Based on a work at whit-superfriends.blogspot.com. Super Friends: A Very Convict Christmas (written Dec. 23)

Friday, December 26, 2008

A Very Convict Christmas (written Dec. 23)

Brian and I have spent this night before Christmas Eve consuming vast amounts of processed sugar and balls of cheesy fried cornmeal, and bouncing from topic to topic in conversation. My blog has come up as he asked whether I was writing anything about Christmas. I told him I wasn't sure yet. If there is going to be a Christmas entry, he will undoubtedly find out whether I tell him or not, because a couple of weeks ago I foolishly gave him the Web address which he promptly mailed to his sister, who will keep him informed. Because of this I now must present him in the best light, keeping secret certain facts like his habit of washing his bedsheets on a seasonal basis rather than a weekly one. Oops, I mean about his habit of being meticulously organized and sanitary. At an O.C.D. level, really.

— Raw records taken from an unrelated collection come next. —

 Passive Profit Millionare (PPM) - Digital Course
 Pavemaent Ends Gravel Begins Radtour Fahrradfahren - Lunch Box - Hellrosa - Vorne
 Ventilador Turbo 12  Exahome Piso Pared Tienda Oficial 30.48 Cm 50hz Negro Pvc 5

We talked a little about what Christmases were like for us growing up, what traditions our families observed. Brad asked me if my family put milk and cookies out for Santa. Of course we did, I told him.

"Well, I felt I needed to ask," he said. "After all, you don't eat stuffing." [See the "Happy Thanksgiving" post.]

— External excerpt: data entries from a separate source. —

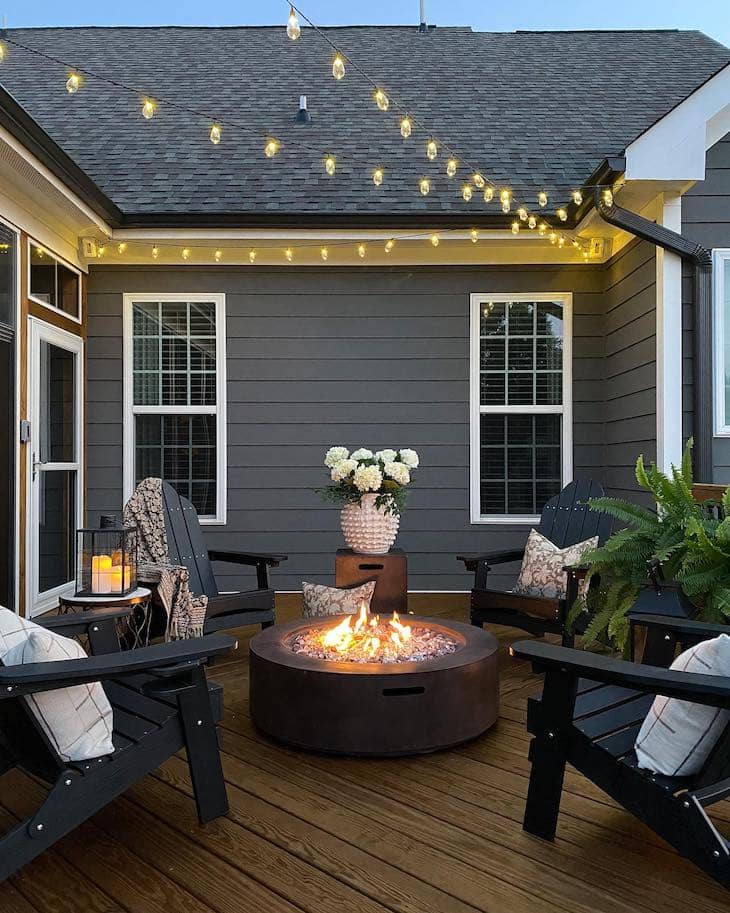 Round Steel Fire Pit for a Warm and Inviting Deck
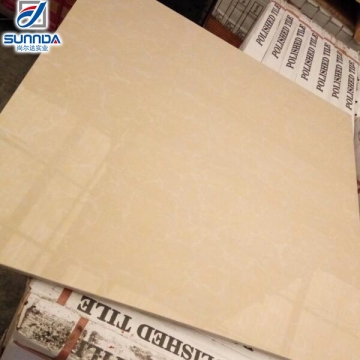 60x60cm yellow buiding materials fully polished porcelain tiles for house flooring with high quality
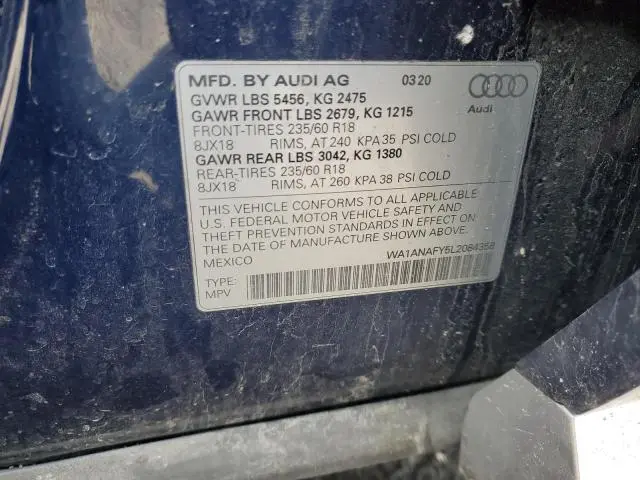 2020 AUDI Q5 PREMIUM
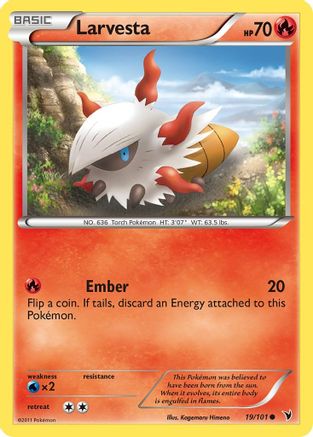 Larvesta (19)  Noble Victories - Common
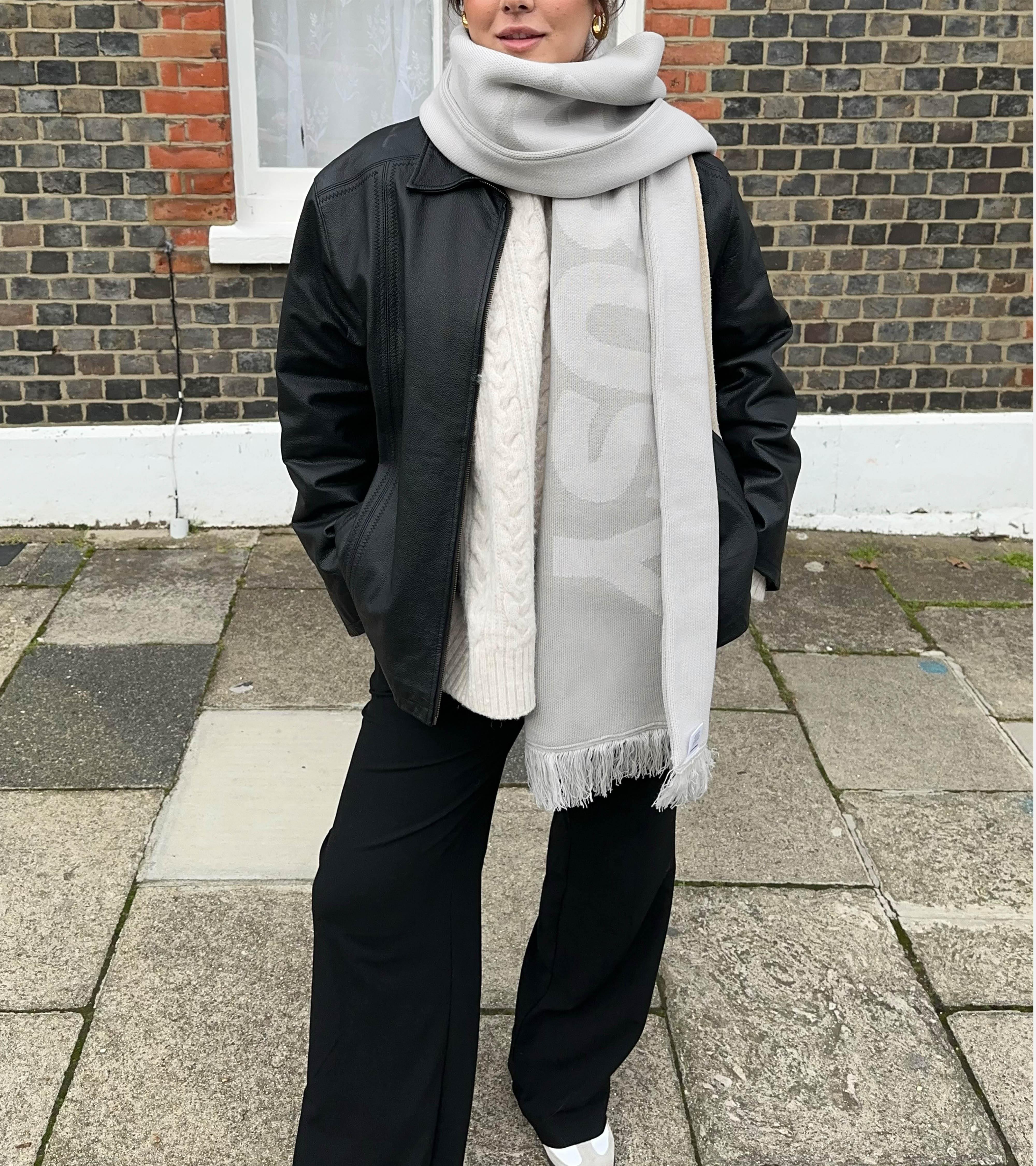 Logotype Scarf - Dark Grey/Light Grey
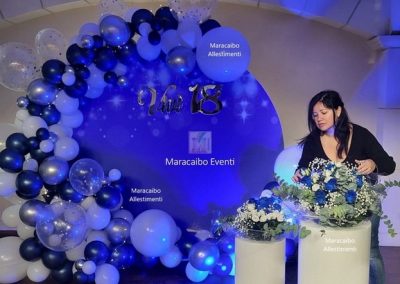 Event Planner 18 anni diciottesimo compleanno ragazzi adulti sfondi palloncini allestimenti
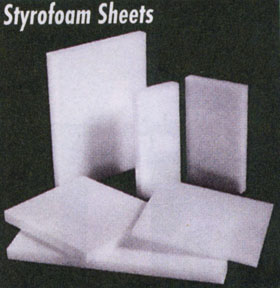 Styrofoam Boards 3/4 X 12 X 12. Dylite.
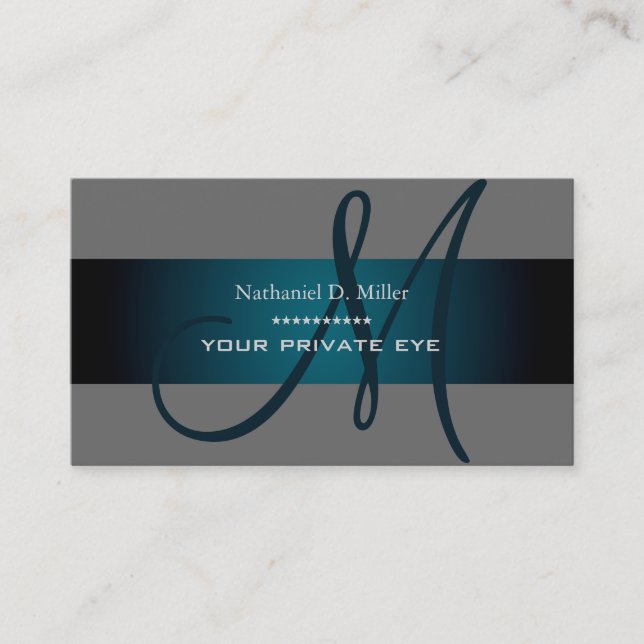 Personalizar de esta tarjeta de presentación monog (Anverso)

You know, I'll be more than a little sad when Christmas has passed. Obviously it's tough to be stuck with only memories of the past and hopes for holidays in the future. And the unceasing profusion of grotesquely jolly and maudlin Christmas songs on the radio is enough to drive a person insane. But it is precisely those elements of the season which pull the Christmas spirit past the razor wire, through the bars and into the thoughts of all of us locked away. Even here in the hole there is an emotional charge in the air, a jovial and vaguely exhilarating energy in the atmosphere which is inescapable. For the couple of weeks before every Christmas just a trace of goodwill and compassion emanates from even the most hardened gangster and down-trodden prison bitch. The Crips and Bloods won't exactly be singing carols hand-in-hand, but perhaps instead of stabbing each other they'll solve their differences with a heated rock-paper-scissors competition. Of maybe a dance-off.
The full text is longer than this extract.